Kenya rumba YouTuber James Angana says compared to Congolese, music in other parts of the region is transient and too inconsistent to hit the right spots in the heart.
Mabanga earns its place
The creativity aspect is where the boat leaks the most for Ugandans. The Congolese had long recognised the place of revellers in their rumba.
The creation of the sebene in the 1940s after acoustic guitar was introduced by a community of sailors and dockworkers from Sierra Leone, Dahomey (now Benin) and Ghana in the 1920s and 1930s. The sebene was how the locals heard the dockers say seventh chords when barking out ‘seven’ to signal the musical changes in the solo section.

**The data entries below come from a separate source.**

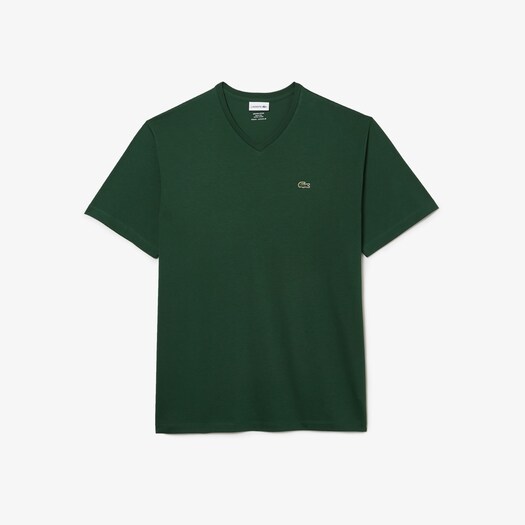 Big & Tall LACOSTE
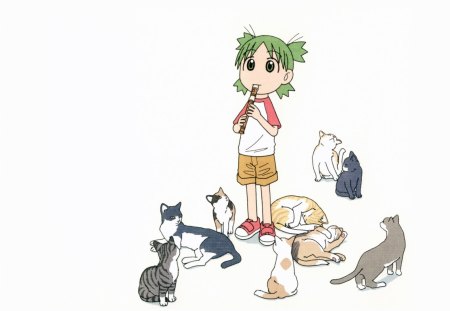 Yotsuba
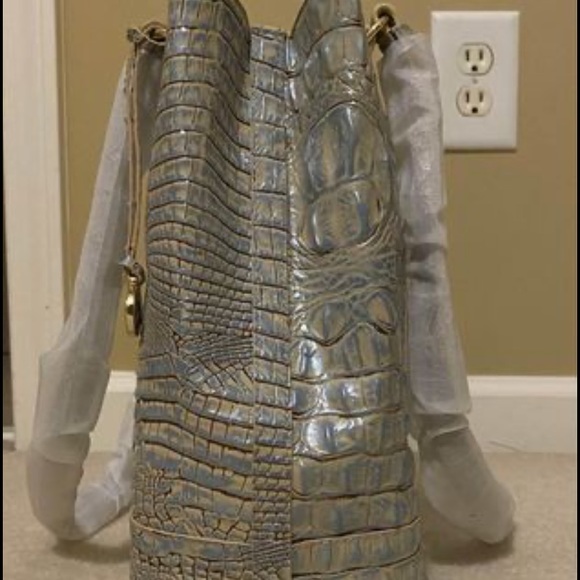 Brahmin - Picture 4 of 7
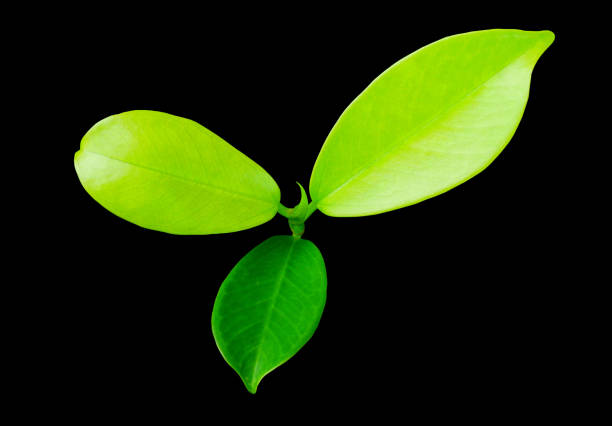 istock Green leaves, ideal leaves, making a background 1180338157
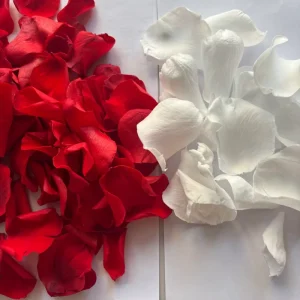 High Quality 100% Real Preserved White Red Rose Petals for Decoration Wedding Confetti Flower Girl Party’s Day Valentines Day
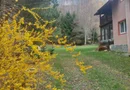 CASĂ DE VACANȚĂ 5 CAMERE,POINANA MĂRULUI, JUD.CARAȘ-SEVERIN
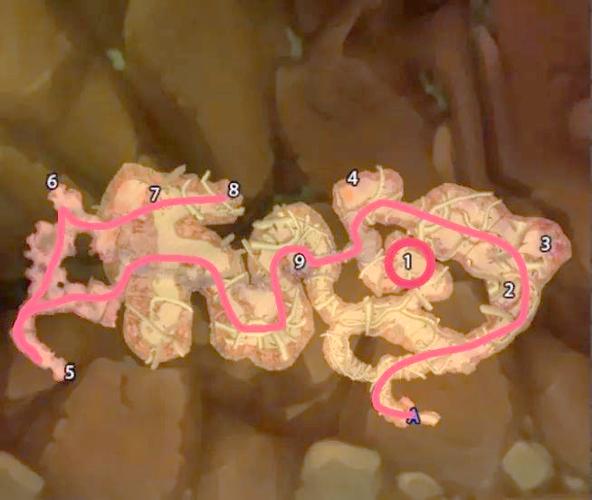 剃刀沼泽地图怎么走不迷路？避坑技巧轻松攻略！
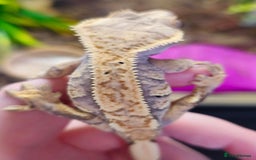 Gecko reptiles for sale: Crested gecko - Image 2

First, the Congolese perfected that bridge, making it longer on stage to allow for extended dancing. Then they brought in the game changer in animators or “atalaku” as they call it. Atalakus are rappers who step up to rally the revellers into a frenzy by shouting whatever they felt would rouse the audience or vixens to dance more.
While recording a new piece with West Indian rhythms à la Kassav and Zouk Machine, Pepe Kalle found himself having to fill a gap of minutes to complete his album. Norbert Mbu-Mputu, a Congolese journalist, writer and researcher in anthropology and sociology, says Pepe Kalle came up with the brilliant idea of filling it with guitars and instruments played loudly and non-stop, accompanied by shouts from the atalaku, in a song, Po Moun Pak Bougé.

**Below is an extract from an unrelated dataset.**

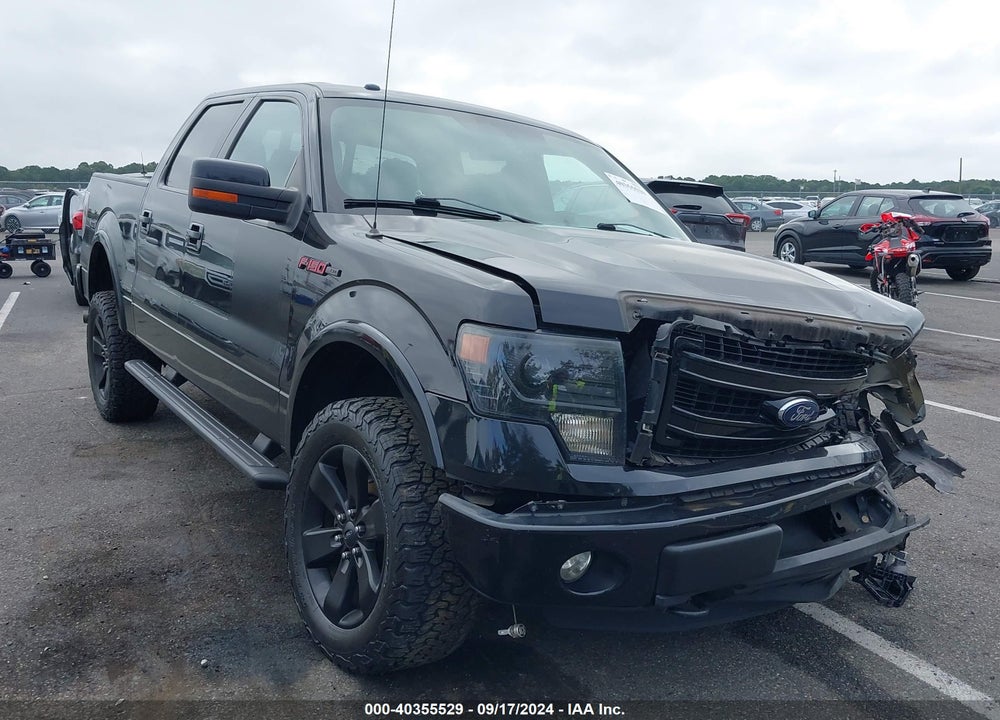 2013 FORD F-150 FX4 VIN: 1FTFW1EF3DFD42315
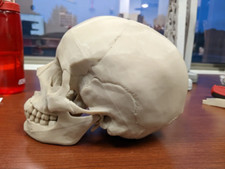 Stampa 3D usato  Roncade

Djouna Mumbafu, then a young atalaku freshly recruited into Empire Bakuba, says he was away when they sent for him. He created the chants for the sebene.
Pepe Kalle’s improvisation created a grand place for atalaku in Soukous, propelling them to the forefront of the stage. It is their chants that make the dance steps change, certainly assisted by the instrumentalists.
In as much as the atalakus would rouse a stone Buddha into a dance, their flattery could seduce the toughest miser into fingering their wallet. Every man loves glory.
The mabanga of the animators then began to be monetised, to be sold, to be bought. People in search of fame and surface glory oil the animators.
Tough ask
Kampala-based Congolese deejay, musician and producer Danny Maombi, aka DJ Nach Mao, thinks mabanga would not fit in the Ugandan “reggaeton kidandali” the way it fits in rumba and sebene.
“It’s a lifestyle in Congo and rich people know that it’s a way of getting famous,” he says, adding, “It will take some time to make this a common thing in Uganda.”
The practice of mabanga may have risen to such prominence due to financial need rather than musical creativity, wrote The Guardian-UK, but in Kinshasa, throwing stones today has become part of the very fabric of recorded and live music.
Even then, the Congolese continue to show that creativity pays but what do the rest of the musicians show in the same regard beyond money from concerts in an era where recordings hardly bring in the money due to piracy and digital platforms?
It’s a startling ask that lays bare the missed opportunities.